We compare the approaches below:

Authorities Adopted Plan Requirement Standard Method Figure (LHN) Emerging Plan Requirement +/- vs LHN
Central Lancashire
(Chorley, Preston, South Ribble)
1,341 dpa 989 dpa 1,334 dpa +345
Greater Nottingham
(Broxtowe, Gedling, Nottingham City and Rushcliffe)
2,571 dpa 3,282 dpa 3,119 dpa -163
Leeds 3,247 dpa 4,044 dpa N/A -797
Sheffield 1,352 dpa 3,018 dpa 2,100 dpa -918

Both Sheffield and Greater Nottingham argue that ‘exceptional circumstances’ exist and thus take a capacity-led approach to delivering housing through their emerging plans. In both cases, that capacity is below – Sheffield, -30% and Greater Nottingham, -5% – their LHN figures. In other words, they plan to feed off sites in the existing urban area, instead of hunting for those prosperous catches in the countryside and Green Belt.

Meanwhile, Leeds are not reviewing their adopted housing requirement in their ongoing partial review, despite it being 20% below their LHN figure.

The only ones bucking the trend are Central Lancashire, where an ‘increase’ of 35% has been suggested. This is despite Central Lancashire not being included in the top 20 urban centres where a 35% uplift has been added to the standard method.

We look at each authority in more detail below.

Central Lancashire (Chorley, Preston and South Ribble)

In September 2022, the three authorities hosted a Developer Forum where they gave the industry a scent of the housing evidence sitting behind their emerging Joint Local Plan.

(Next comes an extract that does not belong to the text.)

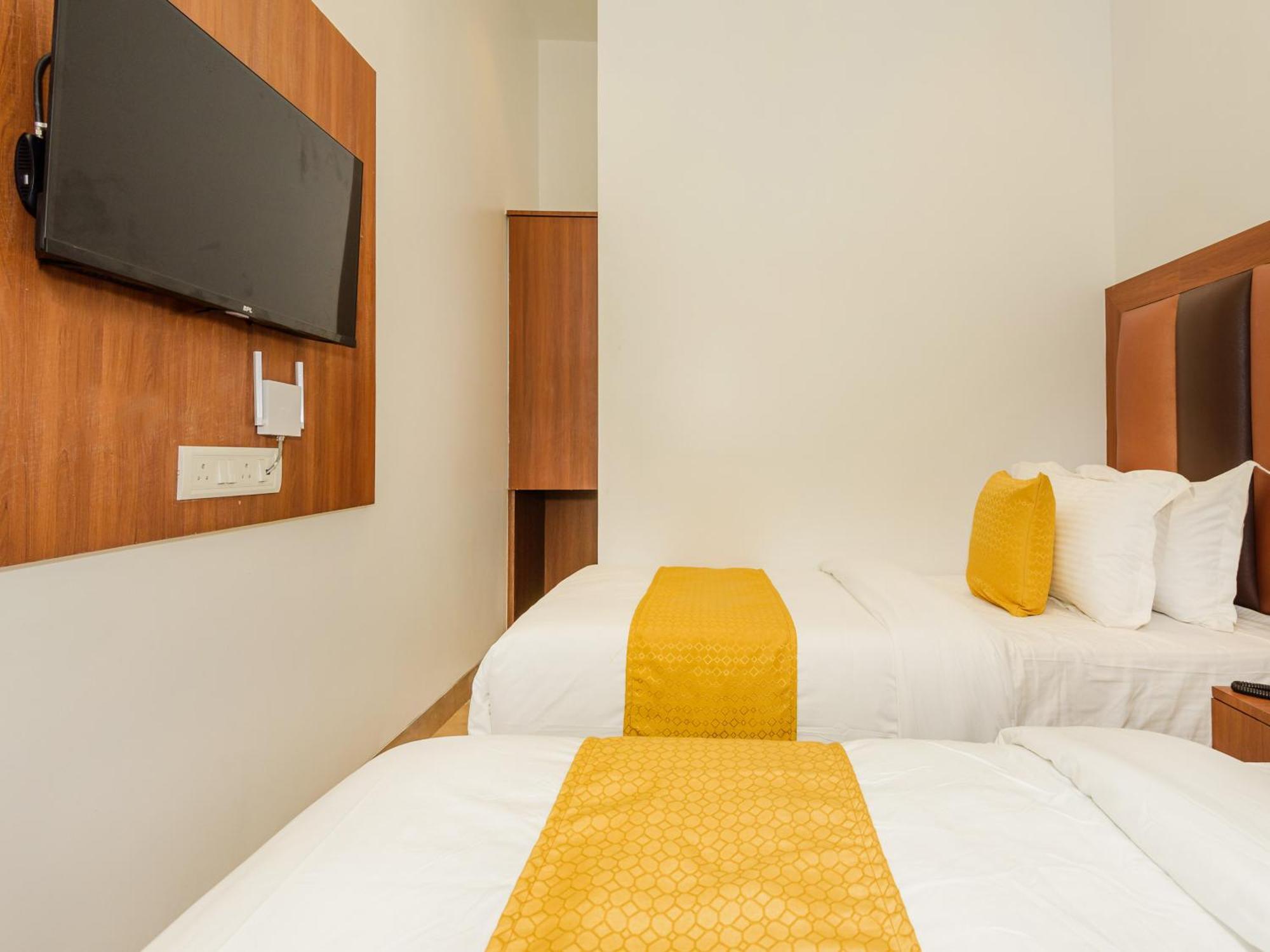 Hotel Zillion Executive Near Us Consulate Bandra Kurla Complex Mumbai Near Mumbai Airport Мумбай Екстериор снимка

On the face of it, Central Lancs appear to show some lofty ambition. They have, in principle, set out an approach which exceeds their LHN figure of 988 dwellings per annum (‘dpa’), by pursuing a housing requirement of 1,334 dpa.

However, when you consider this in context, the scale of growth is broadly in line with their existing adopted Core Strategy housing requirement (1,341 dpa) which dates from 2012. That figure is one which the authorities have aspired to, but haven’t managed to achieve over the past decade as evidenced by numerous appeals.

Despite this, the justification for ‘increasing’ the housing requirement stems from their disagreement with the use of the 2014 household projections underpinning the standard method. They argue that recent high levels of completions, coupled with the lower growth experienced during the time the projections were made, indicate a clear backdrop against which to depart from a ‘top down’ set LHN (notwithstanding any rumoured changes at the national level).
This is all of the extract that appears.